Amazon recently signed an agreement with SpaceX to launch three of Elon Musk’s Falcon 9 rockets to support deployment plans for its Project Kuiper.
About Project Kuiper
- It is Amazon’s project to build a network of 3,236 satellites in low Earth orbit, to provide high-speed internet access anywhere in the world.
- Its mission is to bring fast, affordable broadband to unserved and underserved communities around the world.
- Project Kuiper has three main parts:
- Ground infrastructure:
- It includes gateway antennas that securely send and receive customer data to and from satellites, along with telemetry, tracking, and control (TT&C) antennas that keep the satellites properly operating.
- Global networking connects those gateway antennas to the internet, public cloud, or private networks.
- Satellites: They operate in low Earth orbit (LEO) and relay data traffic to and from gateway antennas and customers.
- Customer terminals:
- These are the technology that Project Kuiper customers use to receive broadband service.
- The terminals combine antennas and processors into a single, compact system to deliver connectivity.
What is a Low Earth Orbit (LEO)?
- LEO is an orbit around the Earth with an altitude that lies towards the lower end of the range of possible orbits.
- This is around 1,200 miles (2,000 km) or less.
- The majority of satellites are to be found in LEO.
- Unlike satellites in geostationary orbit (GEO) that must always orbit along Earth’s equator, LEO satellites do not always have to follow a particular path around Earth in the same way; their plane can be tilted.
- This means there are more available routes for satellites in LEO, which is one of the reasons why LEO is a very commonly used orbit.

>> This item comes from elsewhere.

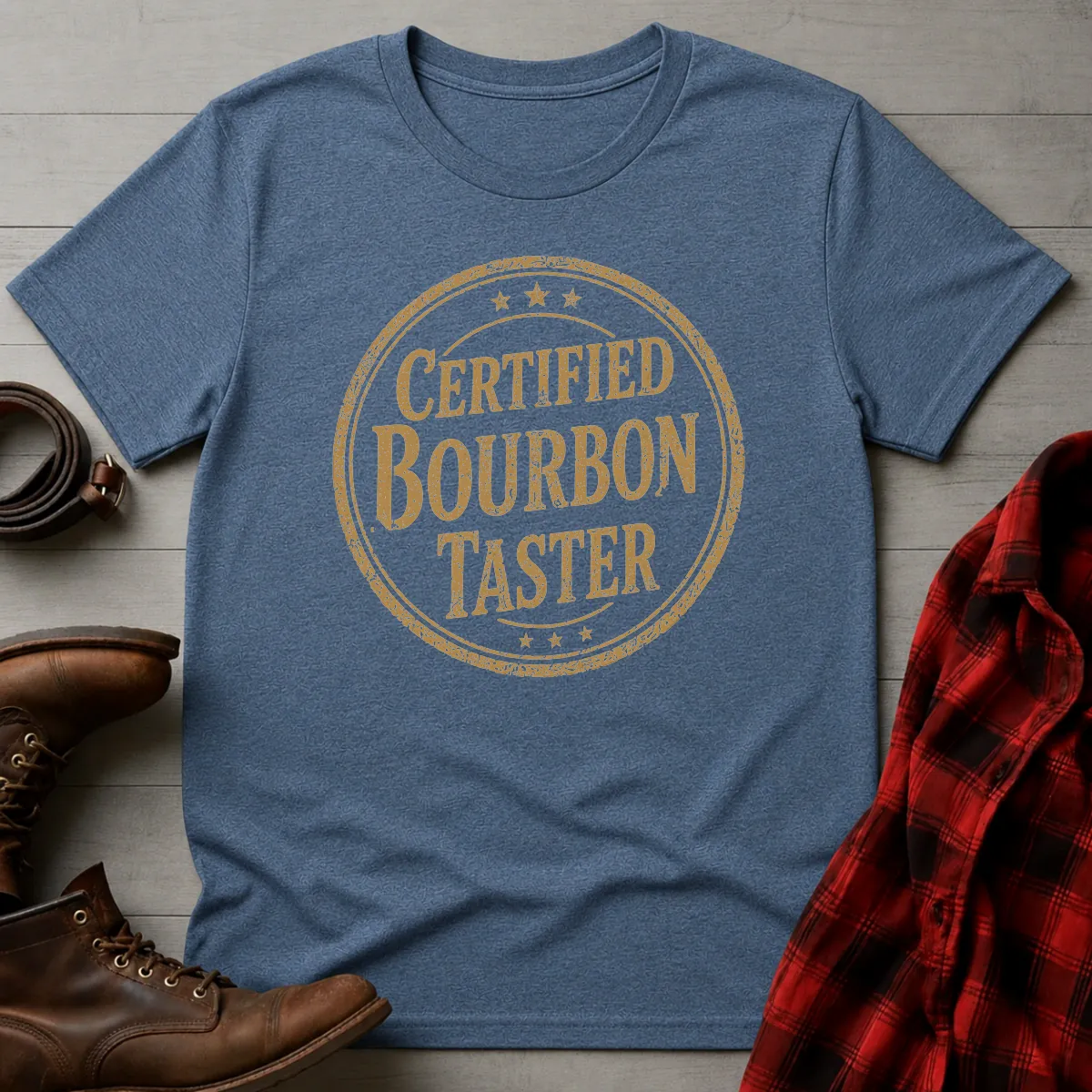 Certified Bourbon Taster Stamp T-Shirt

- It is the orbit most commonly used for satellite imaging, as being near the surface allows it to take images of higher resolution.

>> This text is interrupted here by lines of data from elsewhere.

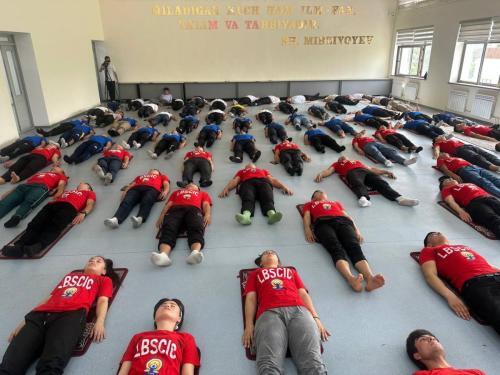 International Day of Yoga (IDY) session held on 30th April 2025 at the Denov Institute of Entrepreneurship and Pedagogy Yoga Club, Denov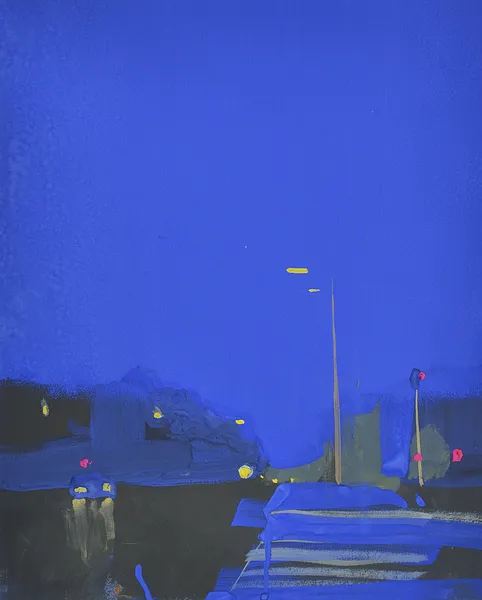 Зображення "Evening on Bulvaro-Kudriavska Str." від Igor Nekraha, розмір: 50x40, медіум: Живопис, серія: Gouaches, ціна: $500 Фото 2 з 4.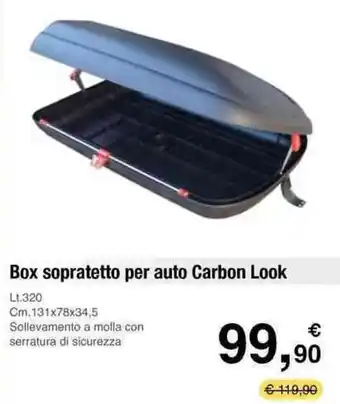 Handy fai da te Box sopratetto per auto Carbon Look Lt.320 offerta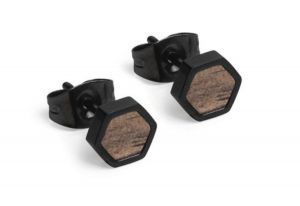Metal earrings Apis Nox Earrings Hexagon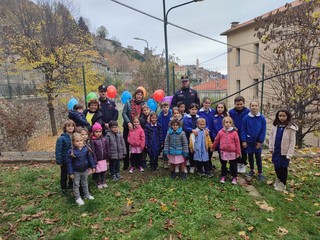 I bimbi della scuola di Triora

- It is also the orbit used for the International Space Station (ISS), as it is easier for astronauts to travel to and from it at a shorter distance.

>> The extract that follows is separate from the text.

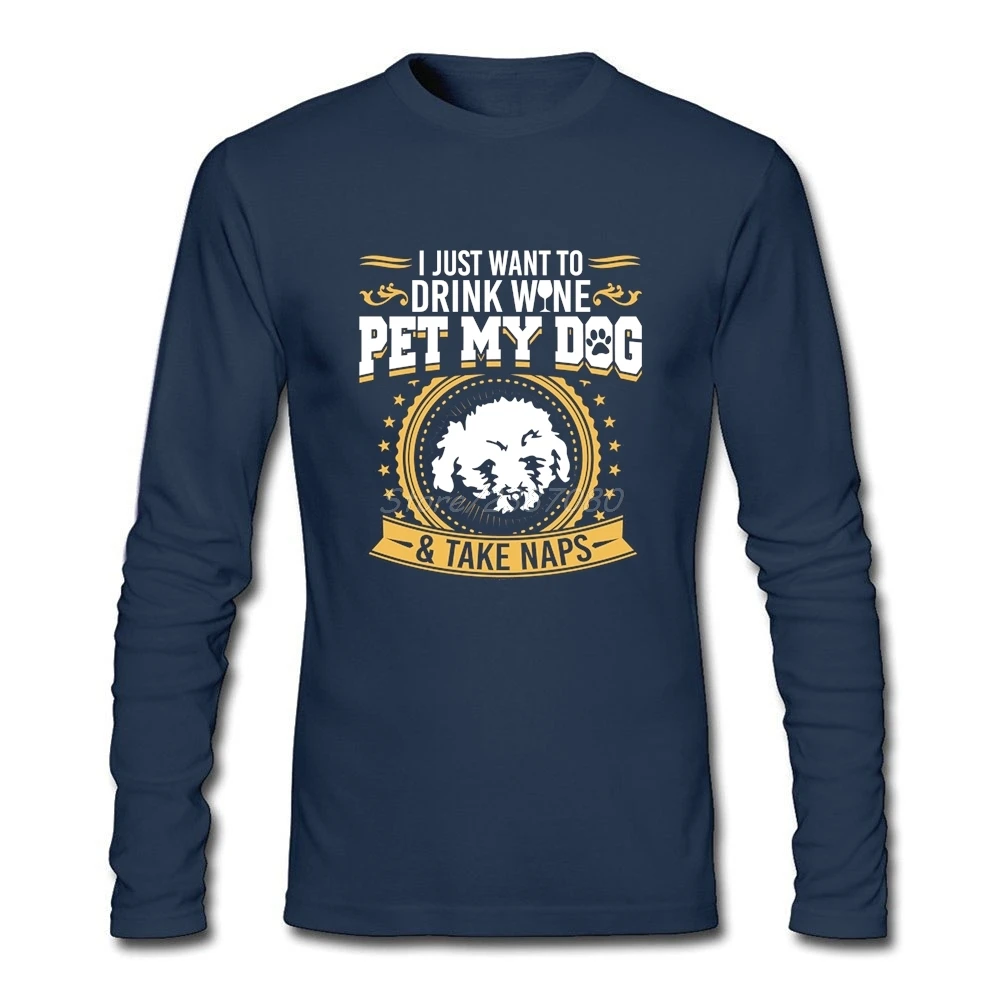 Bichon Frise Pet My Dog футболка с длинным рукавом мужские футболки популярная одежда для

- However, individual LEO satellites are less useful for tasks such as telecommunication, because they move so fast across the sky and therefore require a lot of effort to track from ground stations.
- Instead, communications satellites in LEO often work as part of a large combination, or constellation, of multiple satellites to provide constant coverage.
Q1) What is a geostationary orbit (GEO)?
A geostationary satellite is an Earth-orbiting satellite placed at an altitude of approximately 22,300 miles or 35,800 kilometers directly above the equator. These satellites revolve in the same direction the Earth rotates -- west to east.hese satellites complete one orbit in about 24 hours, which is the same amount of time it takes for the Earth to rotate once on its axis. The satellite appears to be stationary from the perspective of someone on the ground, as it moves in sync with the Earth's rotation.